The French established a commando school in Nha Trang in 1951. After the American Military Assistance Advisory Group took over the military advisory role, the school was converted to a Ranger school in 1956. In 1960, when the Vietnam War began in earnest, the Vietnamese Rangers were formed. Rangers (Biet Dong Quan [BDQ]) initially organized into separate companies with U.S. Army Rangers were assigned as advisers, initially as members of the Mobile Training Teams (MTTs), at Ranger Training Centers (RTC), and later at the unit level as members of the Military Advisory Command Vietnam (MACV). A small number of Vietnamese Ranger officers were selected to attend the U.S. Army Ranger School at Ft.

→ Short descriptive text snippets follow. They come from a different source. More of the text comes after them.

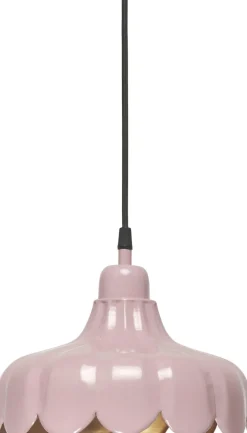 Wells Ø24 fönsterlampa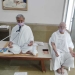 तनाव-अशांति का मूल कारण नकारात्मक चिंतन : मुनि श्री तत्त्व रुचि जी ‘तरुण’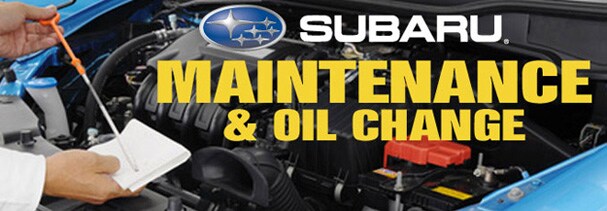 maintenance-header.jpg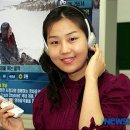 STC 서울텔레콤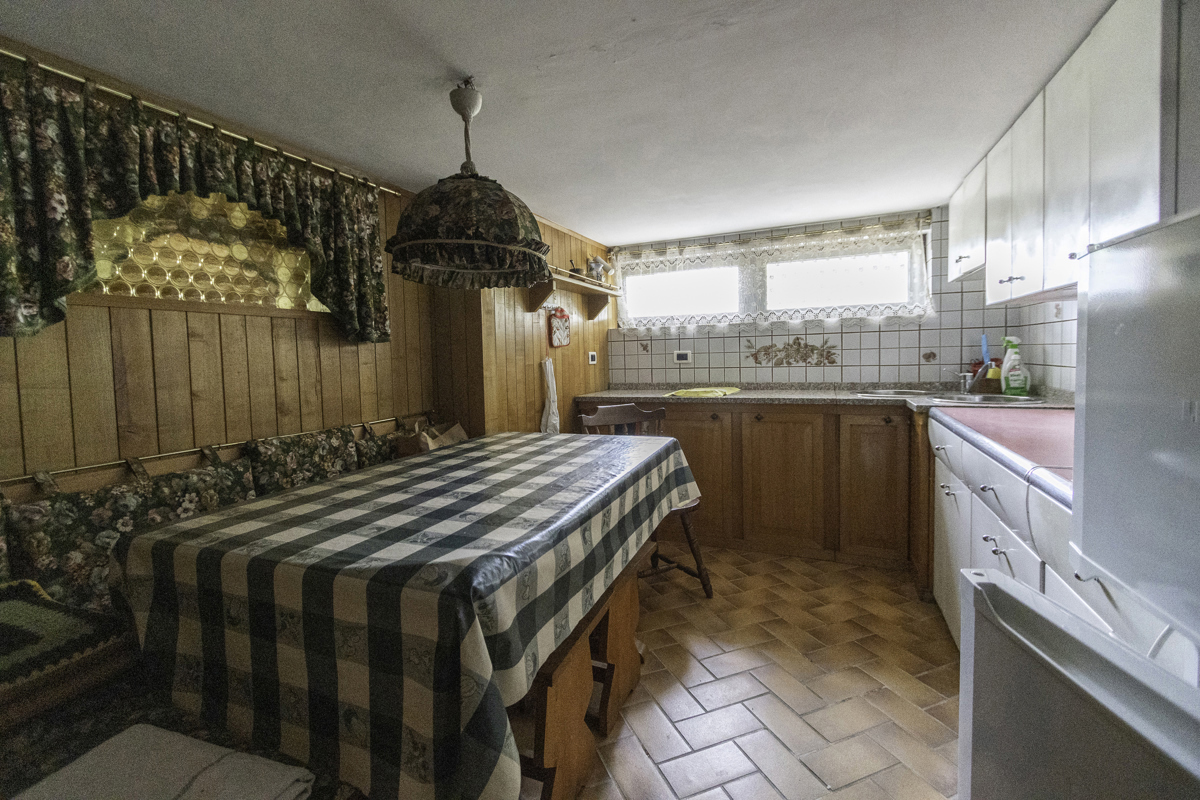 Foto 15 di 24 - Villa in vendita a Mogliano Veneto
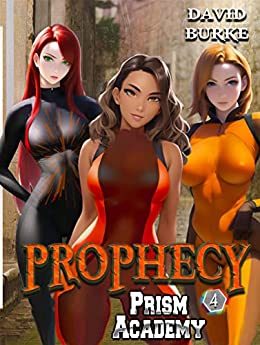 Prophecy
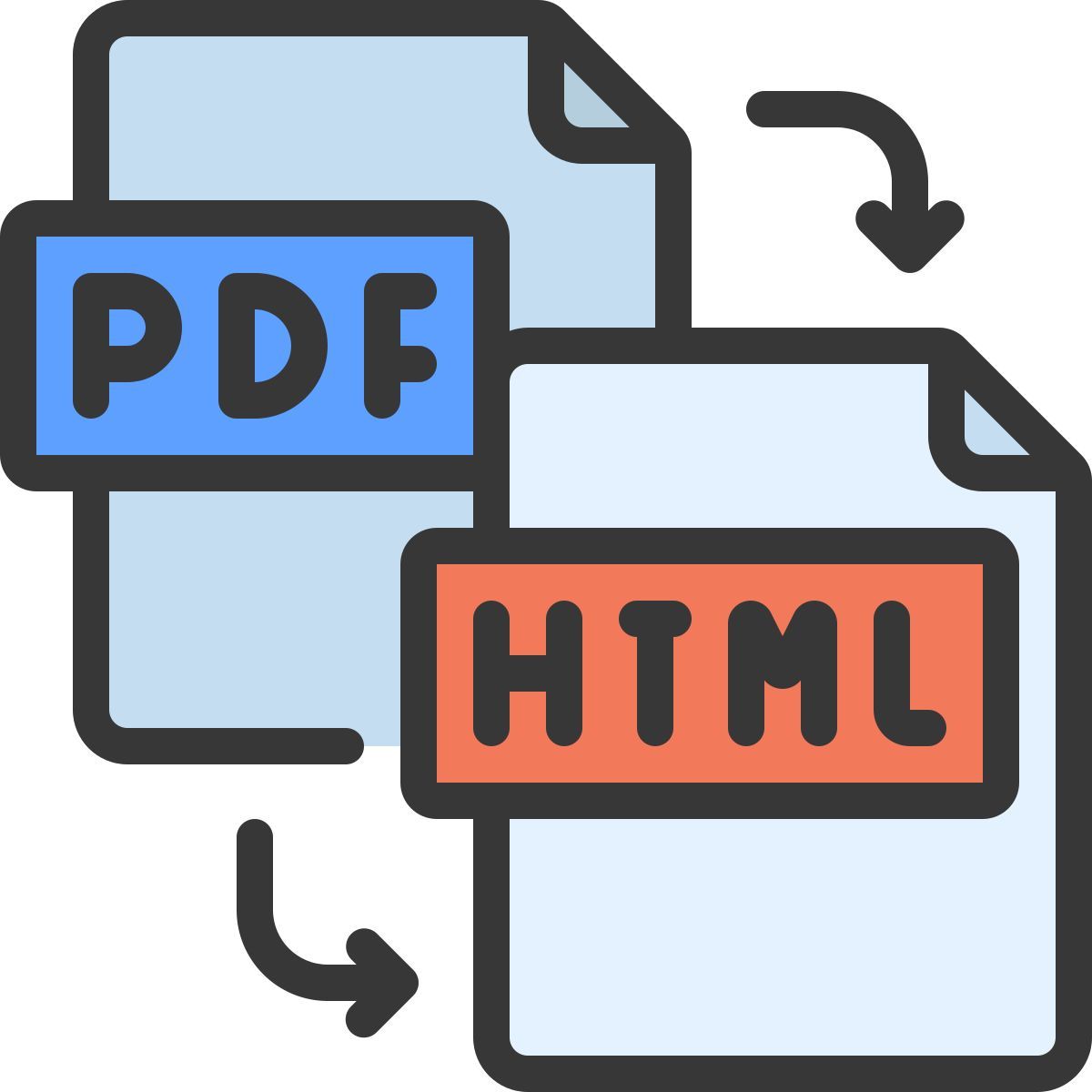 pdf icon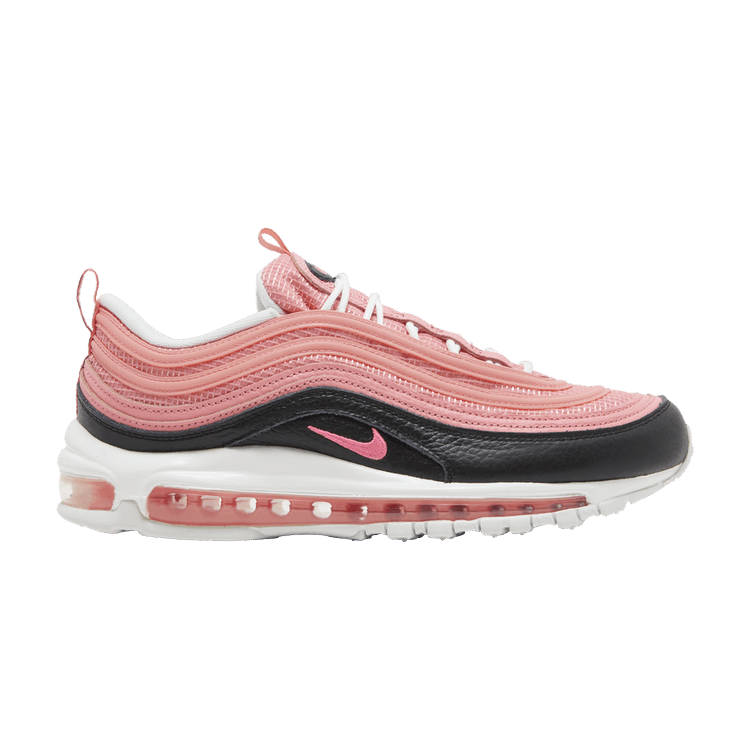 light pink 97 air max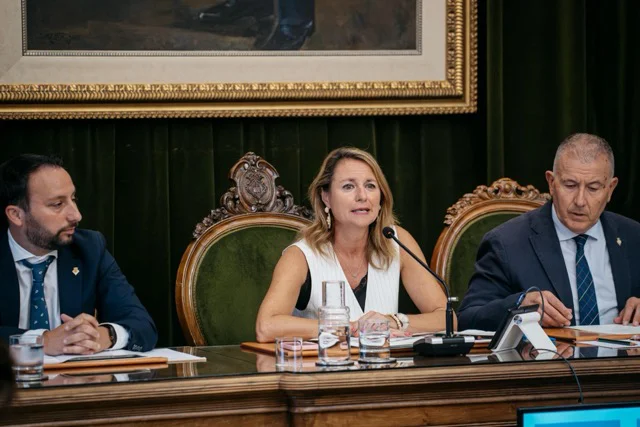 Carrasco Pleno septiembre 2026 (2) en tamaño mediano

Benning.

In 1962, BDQ companies were initially formed into counter-insurgency Special Battalions but by 1963 Ranger units were organized into battalions and their mission evolved from counter-insurgency to light infantry operations.

In late December 1964 elements of the 29th, 30th, 33rd, 35th and 38th Ranger Battalions took part in the Battle of Binh Gia with the 30th and 33rd Rangers suffering severe losses.

In May 1965 in the Battle of Sông Bé the 34th and 36th Rangers drove out a VC force occupying the town.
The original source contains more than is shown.